WHAT THE TASK REQUIRES -
Keep images out and repeat all data exactly.

INFORMATION SUPPLIED -
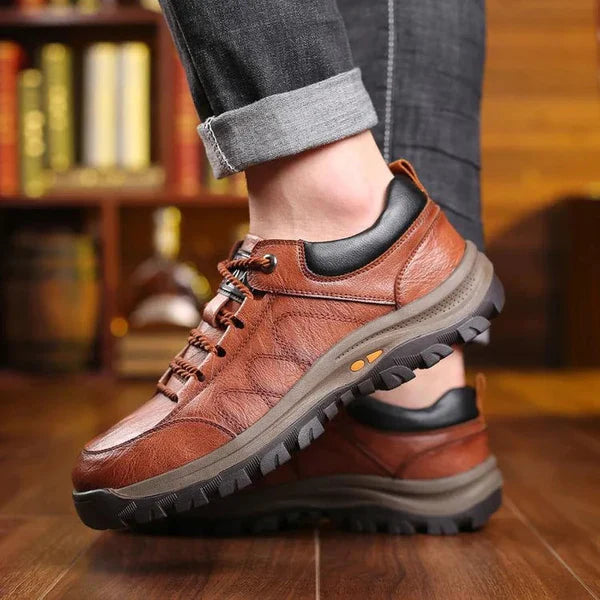 Glenn | slip-resistant outdoor shoes
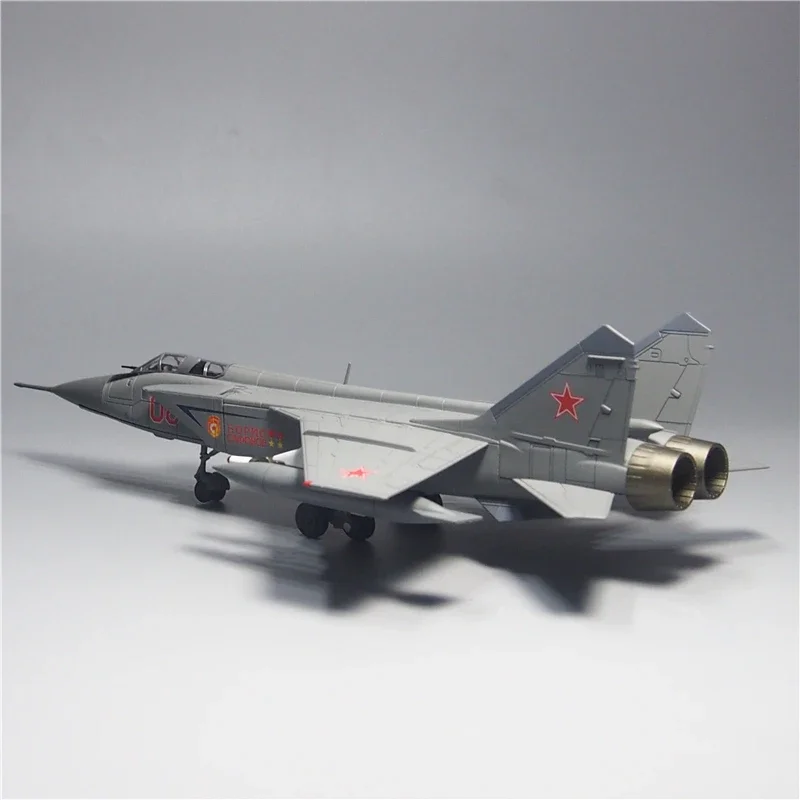 1: 72 Scale MiG MIG31 Foxhound Interceptor Model Alloy Simulation Soviet Air Force Commemoration Toy Gift Souvenir Display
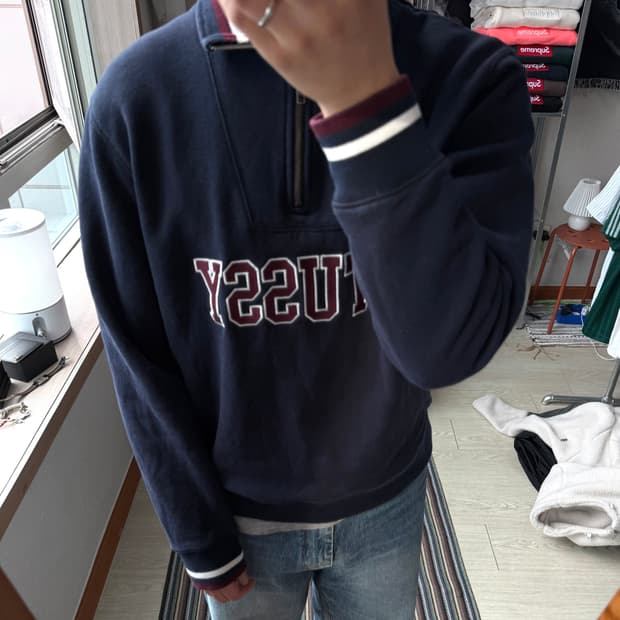 스투시 하프집업 맨투맨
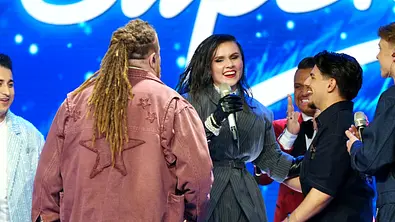 Paco und Constance lachen auf der DSDS-Bühne. - Foto: RTL / Stefan Gregorowius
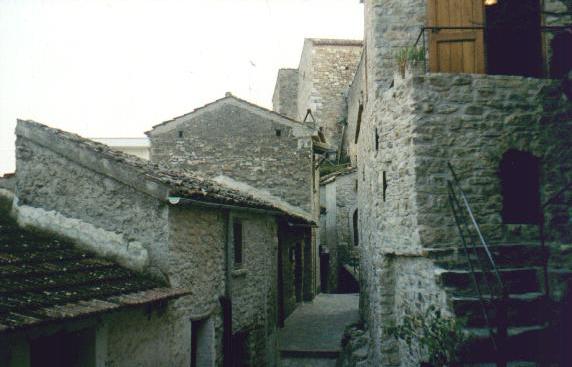 Rue Storto Valle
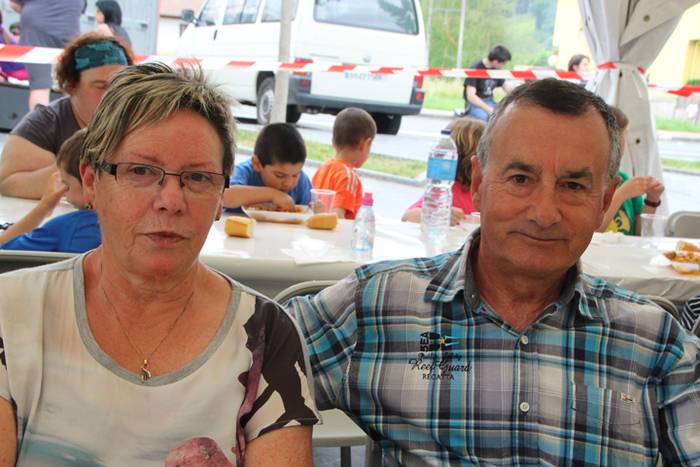 Ikaztegietako Eskola Txikiak Festa 94 1465744490248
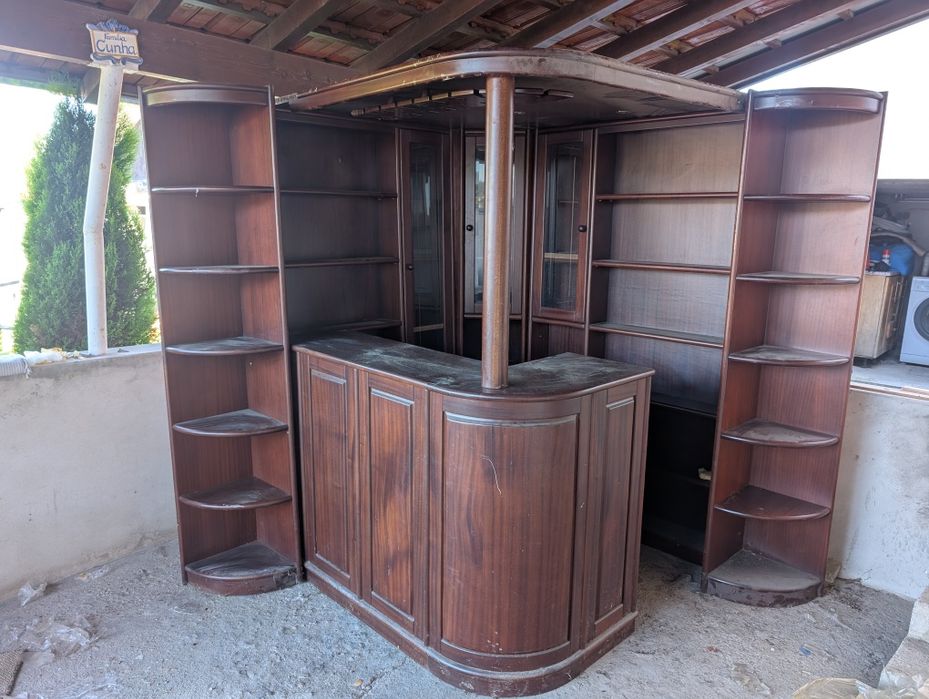 Bar de Sala em bom estado! 2m x 2m x 2,10m (altura)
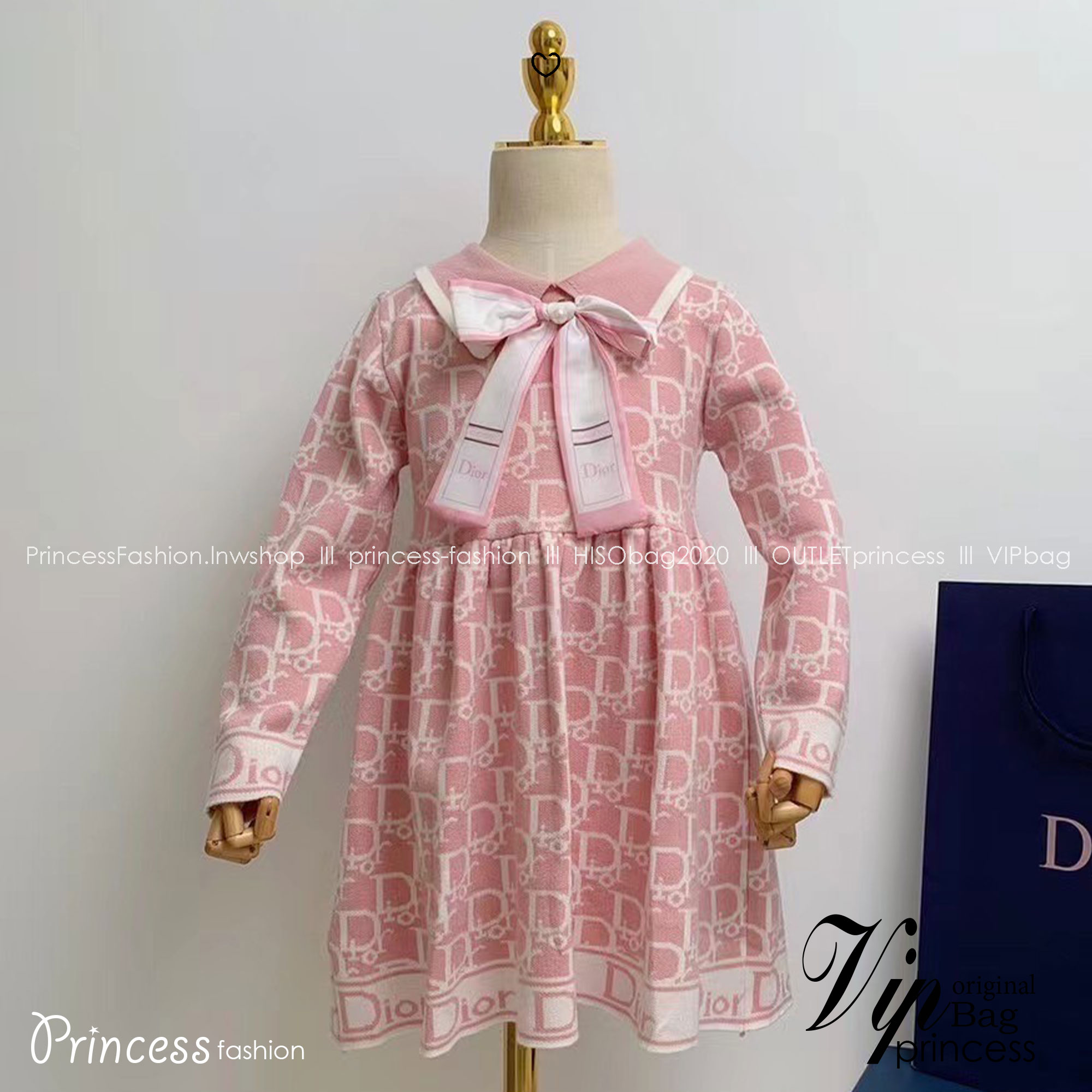สลับแท้ เกรดเทพ Size 90-150 เสื้อผ้าเด็กแบรนด์เนม DIOR Knit Dress Kids เดรสหวานชมพูคีพลุคลูกคุณ งาน 1:1 เนื้อผ้าการันตีความพรีเมียมอย่างดี งานนำเข้าจากโรงงานเทียบแบรนด์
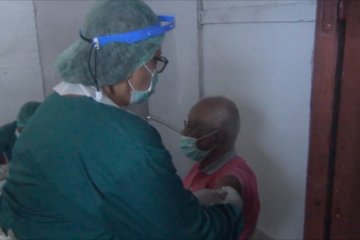 Pemkot Ambon mulai vaksinasi COVID-19 untuk lansia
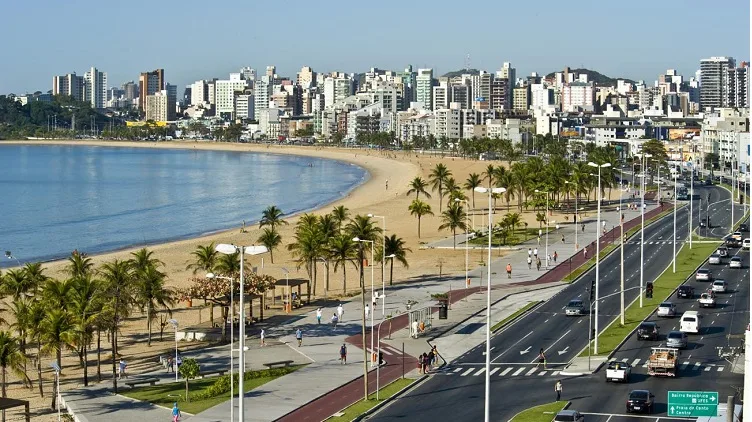 Mesmo com sol tímido, previsão é de chuva até esta terça na Grande Vitória. Confira!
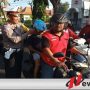 Satlantas Polres Pamekasan Bagi-bagi Helm Kepada Pengendara
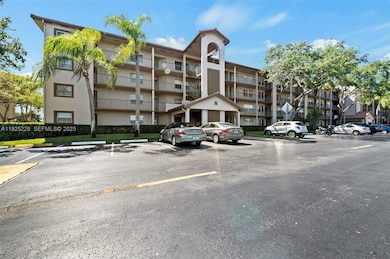 1000 SW 125th Ave unit 214N, Pembroke Pines, FL 33027 - photo 2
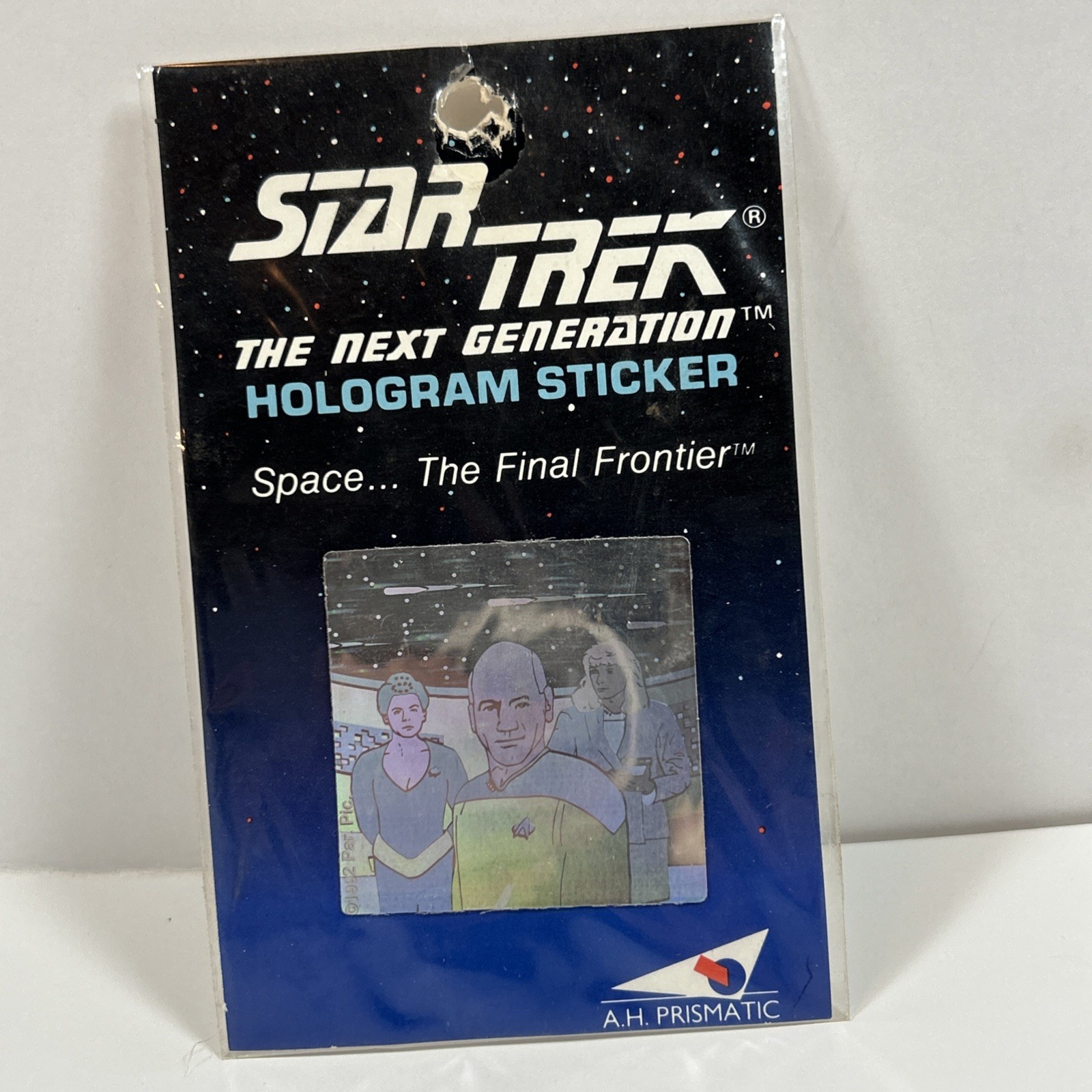1992 STAR TREK NEXT GENERATION TV HOLOGRAM BADGE STICKER - PICARD-TROI & CRUSHER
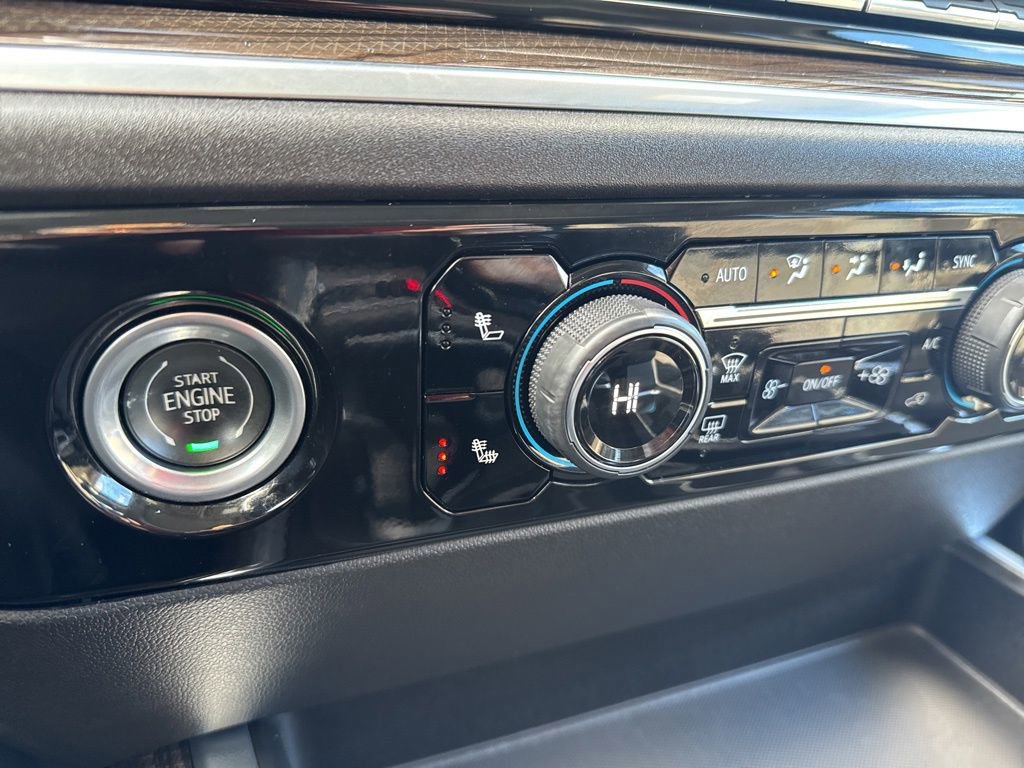 Used 2022 Chevrolet Silverado 1500 LT w/ Z71 Off-Road Package image 29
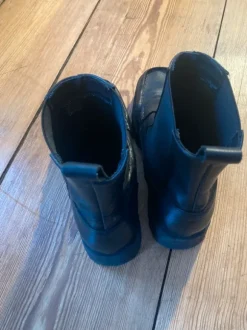 Schwarze eckige Boots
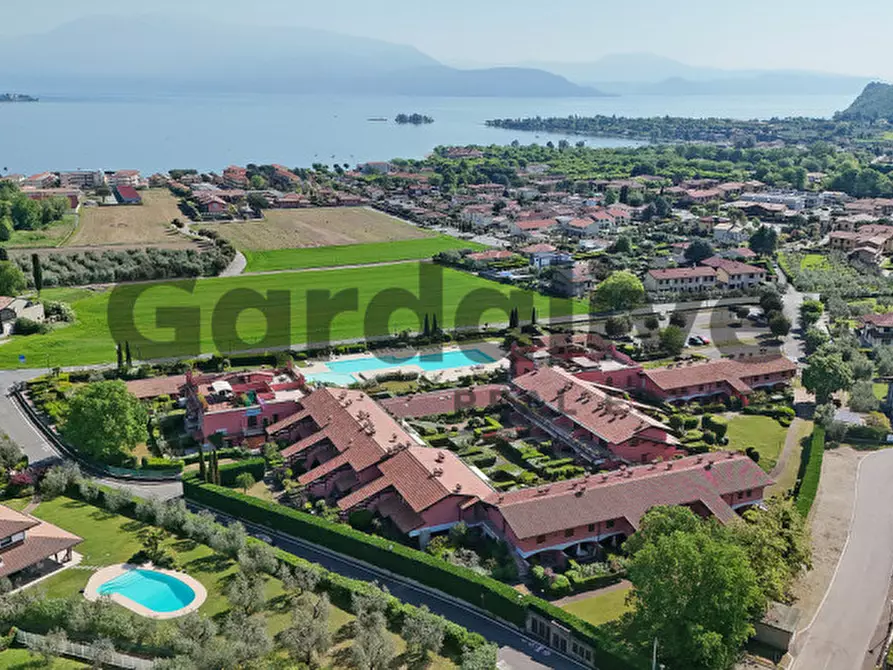 Immagine 30 di Appartamento in vendita  in via A. Manzoni a Manerba Del Garda
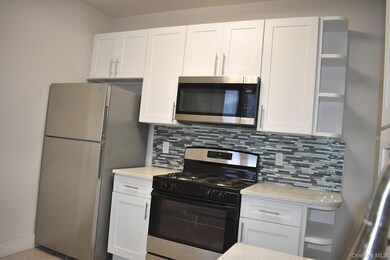 563 E 3rd St unit 3rd Floor, Mount Vernon, NY 10553 - photo 2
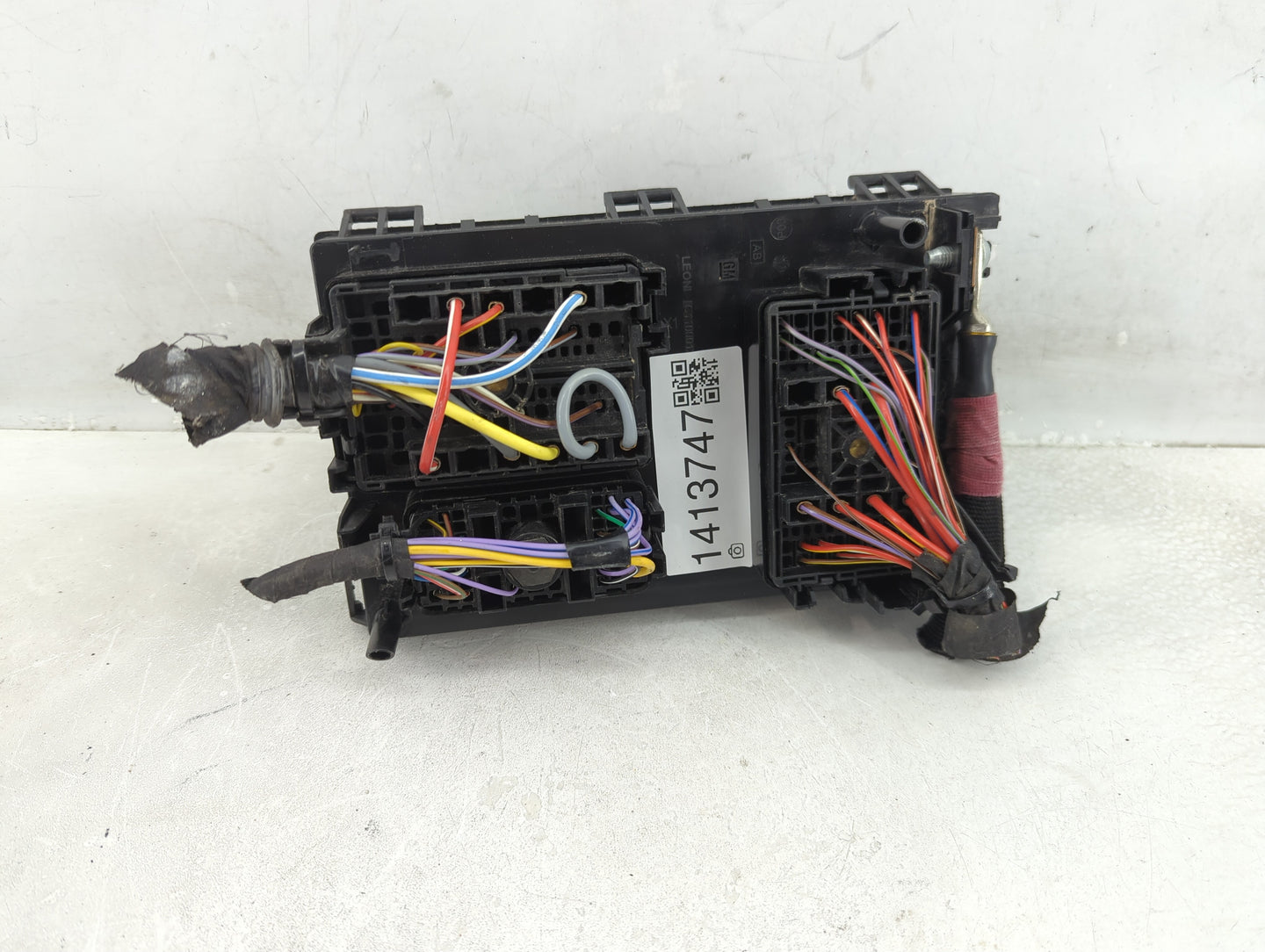 2013-2016 Buick Verano Fusebox Fuse Box Panel Relay Module P/N:13403357 Fits Fits 2013 2014 2015 2016 OEM Used Auto Parts -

COMPLETED EXERCISE -
 Glenn | slip-resistant outdoor shoes
 1: 72 Scale MiG MIG31 Foxhound Interceptor Model Alloy Simulation Soviet Air Force Commemoration Toy Gift Souvenir Display
 스투시 하프집업 맨투맨
 Paco und Constance lachen auf der DSDS-Bühne. - Foto: RTL / Stefan Gregorowius
 Rue Storto Valle
 Ikaztegietako Eskola Txikiak Festa 94 1465744490248
 Bar de Sala em bom estado! 2m x 2m x 2,10m (altura)
สลับแท้ เกรดเทพ Size 90-150 เสื้อผ้าเด็กแบรนด์เนม DIOR Knit Dress Kids เดรสหวานชมพูคีพลุคลูกคุณ งาน 1:1 เนื้อผ้าการันตีความพรีเมียมอย่างดี งานนำเข้าจากโรงงานเทียบแบรนด์
 Pemkot Ambon mulai vaksinasi COVID-19 untuk lansia
 Mesmo com sol tímido, previsão é de chuva até esta terça na Grande Vitória. Confira!
 Satlantas Polres Pamekasan Bagi-bagi Helm Kepada Pengendara
 1000 SW 125th Ave unit 214N, Pembroke Pines, FL 33027 - photo 2
1992 STAR TREK NEXT GENERATION TV HOLOGRAM BADGE STICKER - PICARD-TROI & CRUSHER
 Used 2022 Chevrolet Silverado 1500 LT w/ Z71 Off-Road Package image 29
 Schwarze eckige Boots
 Immagine 30 di Appartamento in vendita  in via A. Manzoni a Manerba Del Garda
 563 E 3rd St unit 3rd Floor, Mount Vernon, NY 10553 - photo 2
 2013-2016 Buick Verano Fusebox Fuse Box Panel Relay Module P/N:13403357 Fits Fits 2013 2014 2015 2016 OEM Used Auto Parts -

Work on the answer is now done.